A sinusoidal voltage $\mathrm{V}=200 \sin 314 \mathrm{t}$ is applied to a $10 \Omega$ resistor. Find:
(i) rms voltage,
(ii) rms current and
(iii) power dissipated as heat.

Answer 1

We know that rms voltage is defined as the voltage of a sinusoidal source in case of any electromotive force which is used as the source. The value of the current that is carried by the sinusoidal wave of a source is defined as the rms current. And lastly, we know that when there is production of heat or undesirable quantity of energy which results in the loss of power, then it is known as power dissipation.

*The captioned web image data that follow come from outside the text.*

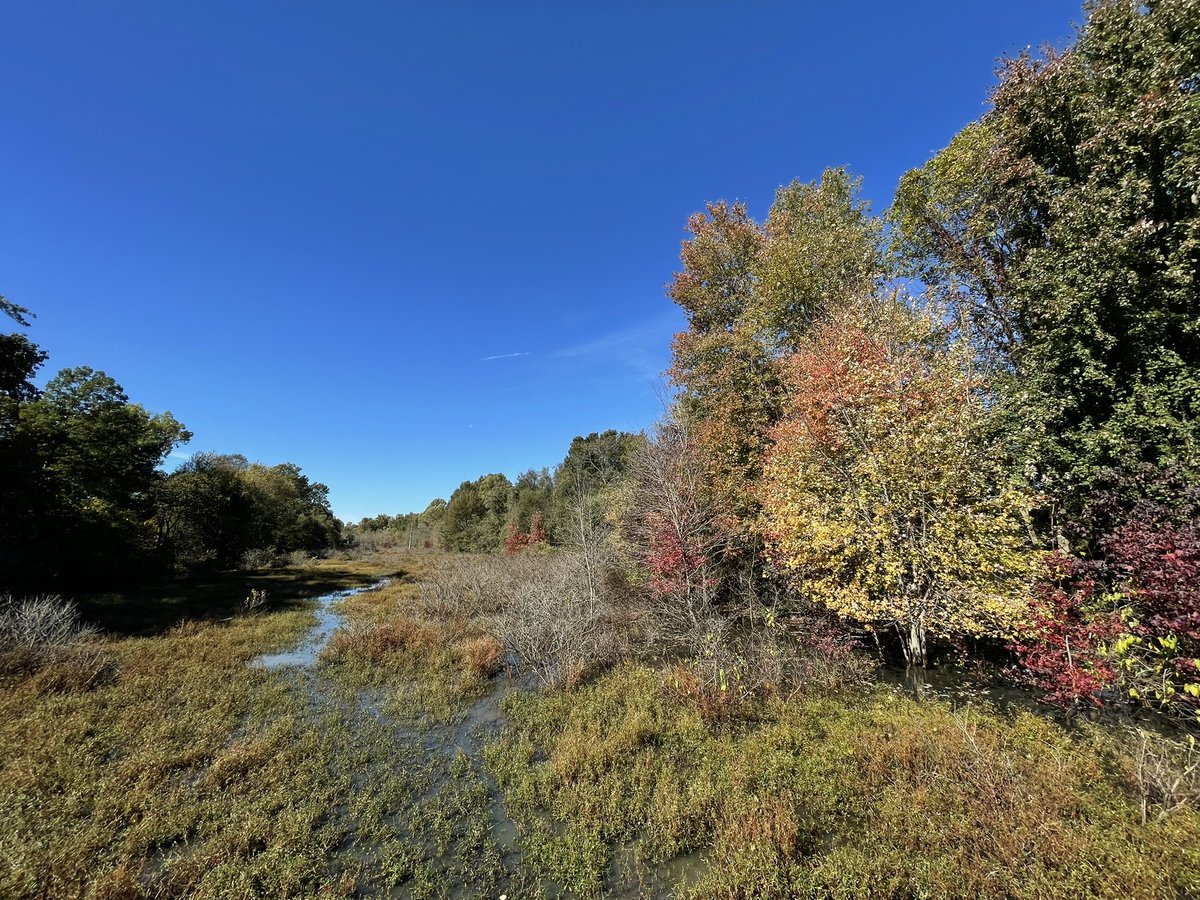 CamHopmanWx's tweet photo. It’s been an absolutely perfect day for a hike at #AngelMounds. We’re finally starting to see some of those fall colors! #tristatewx https://t.co/KwvHFdp8lO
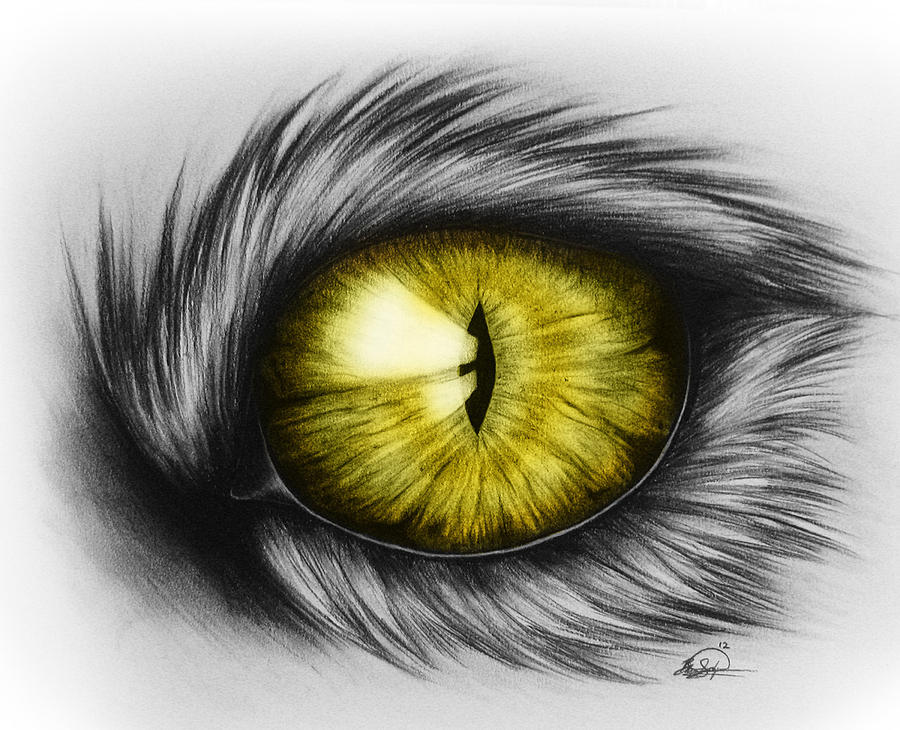 Yellow Cat Eye Drawing Drawing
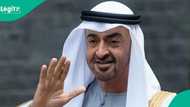 Abu Dhabi publishes website for foreigners to apply for Green Visa
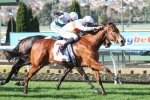 Pride Rock Griffiths’ Pick in Lightning Stakes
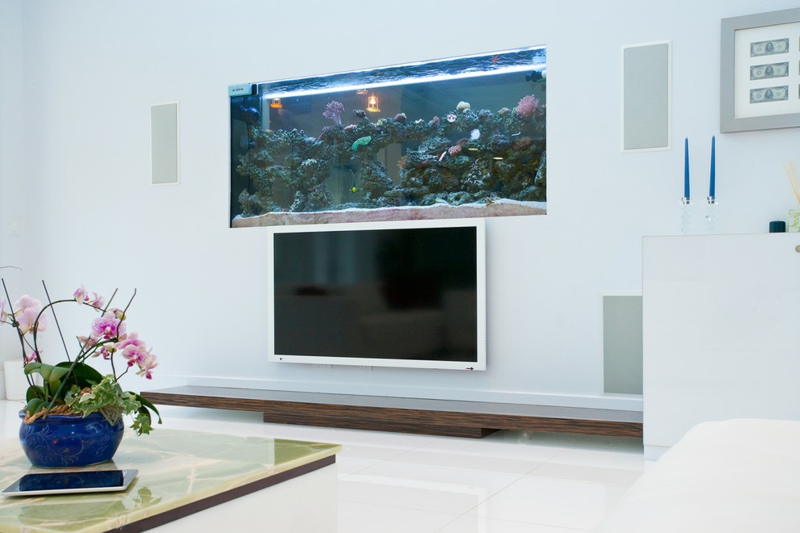 aquarium-maison-fixé-mur-dessus-écran-tv-plat aquarium maison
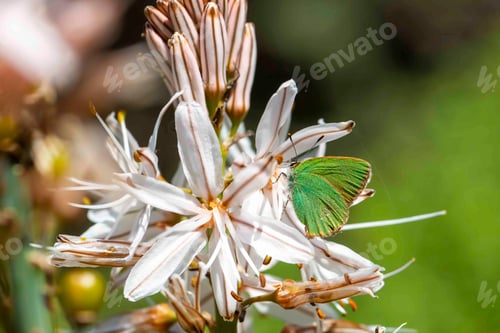 Preview: Emerald (Callophrys rubi) is a butterfly species of the Lycaenidae family. Asphodelus aestivus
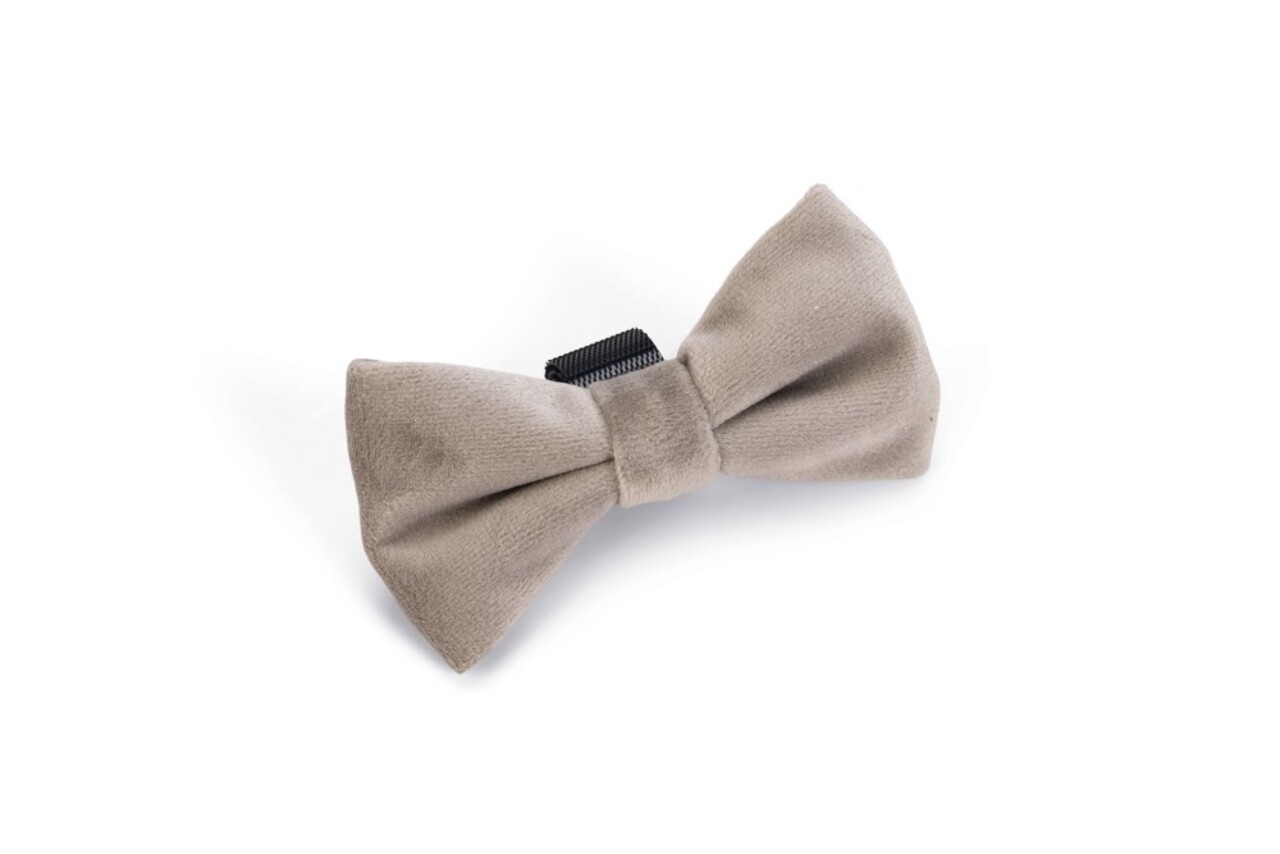 Designed by Lotte Designed by Lotte Velvet Hondenstrik Zaza Grijs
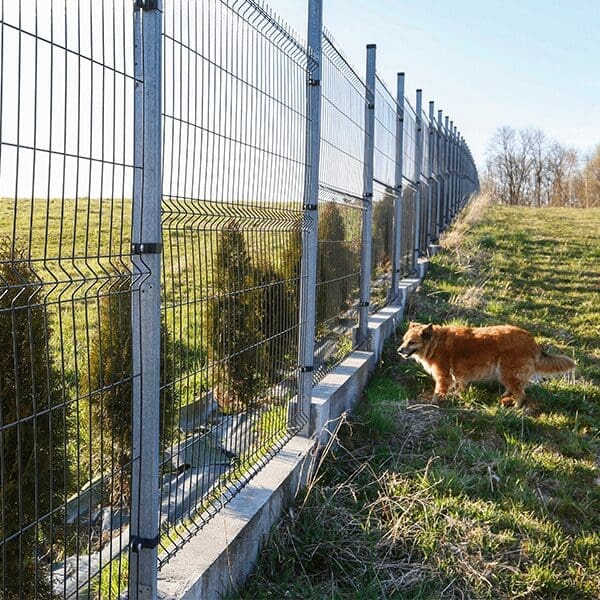 dog-fence-false-alarm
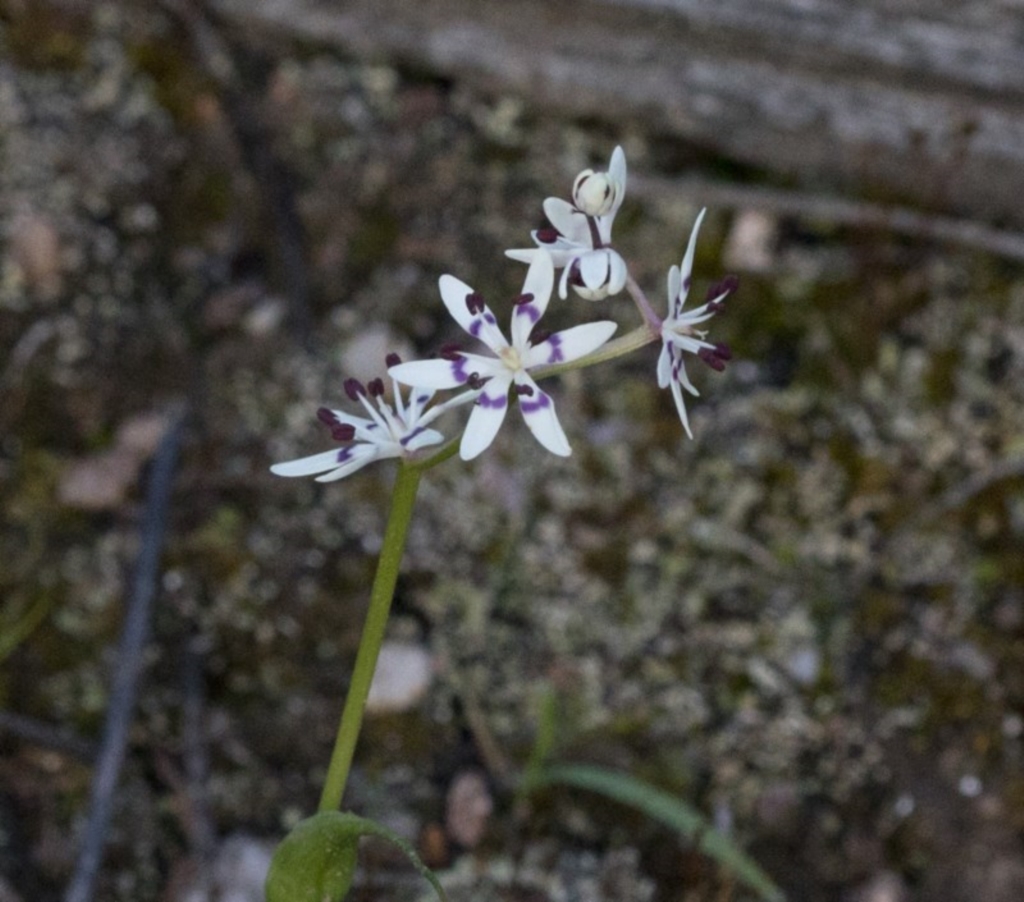 Wurmbea dioica subsp. dioica at Coree, ACT - 23 Sep 2020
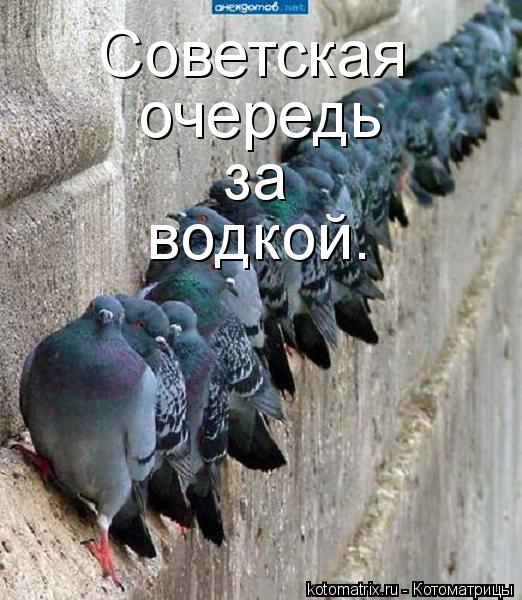 Советская очередь за водкой.... Котоматрица: Советская очередь за водкой.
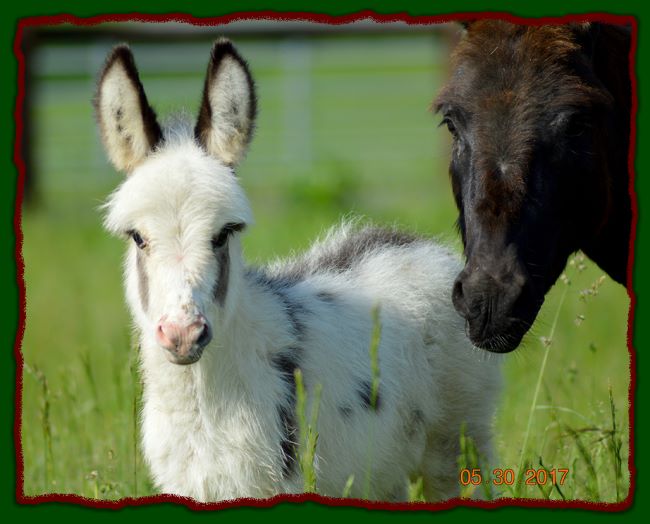 Shorecrests Elvira, miniature donkey for sale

Complete step by step answer:
We know that according to the question $\mathrm{V}=200 \sin 314 \mathrm{t}$ and $\mathrm{R}=10 \Omega$ comparing it with original equation we get $, \mathrm{V}_{\mathrm{m}}=200 \mathrm{~V}$.
Now let us solve to find the rms voltage:
The expression to find the rms voltage is given as:
$\Rightarrow \mathrm{V}_{\mathrm{rms}}=\dfrac{\mathrm{V}_{\mathrm{m}}}{\sqrt{2}}$
Now we have to put the values in the above expression to get the answer as:
$\Rightarrow 0.707 \times 200=141.4 \mathrm{~V}$
Hence, the value of rms voltage is 141.4 V
Now we have to find the value of rms current
The expression to find the rms current is given as:
$\Rightarrow \mathrm{I}_{\mathrm{rms}}=\dfrac{\mathrm{V}_{\mathrm{rms}}}{\mathrm{R}}$
Now we have to put the values in the above expression to get the answer as:
$\Rightarrow \dfrac{141.4}{10}=14.14 \mathrm{~A}$
Hence, the value of rms current is 14.14 A.
Now we have to find the value of power dissipation.
The expression to find the power dissipate is given as:
$\Rightarrow \mathrm{P}=\mathrm{V}_{\mathrm{rms}} \mathrm{I}_{\mathrm{rms}} \cos \theta$
Now we can say that here $\cos \theta$ is power factor which is equal to 1 for pure resistive circuit since voltage and current are in same phase,
$\Rightarrow \mathrm{P}=141.4 \times 14.14=1999.69 \simeq 2000 \mathrm{~W}$

Hence, the power dissipate is given as 2000 W.

Note: We should know that the effect of power dissipation is very important for us to know. The greater will be the value of the power the more amount of heat will be dissipated by that particular component. This will result in the increase in temperature of that component.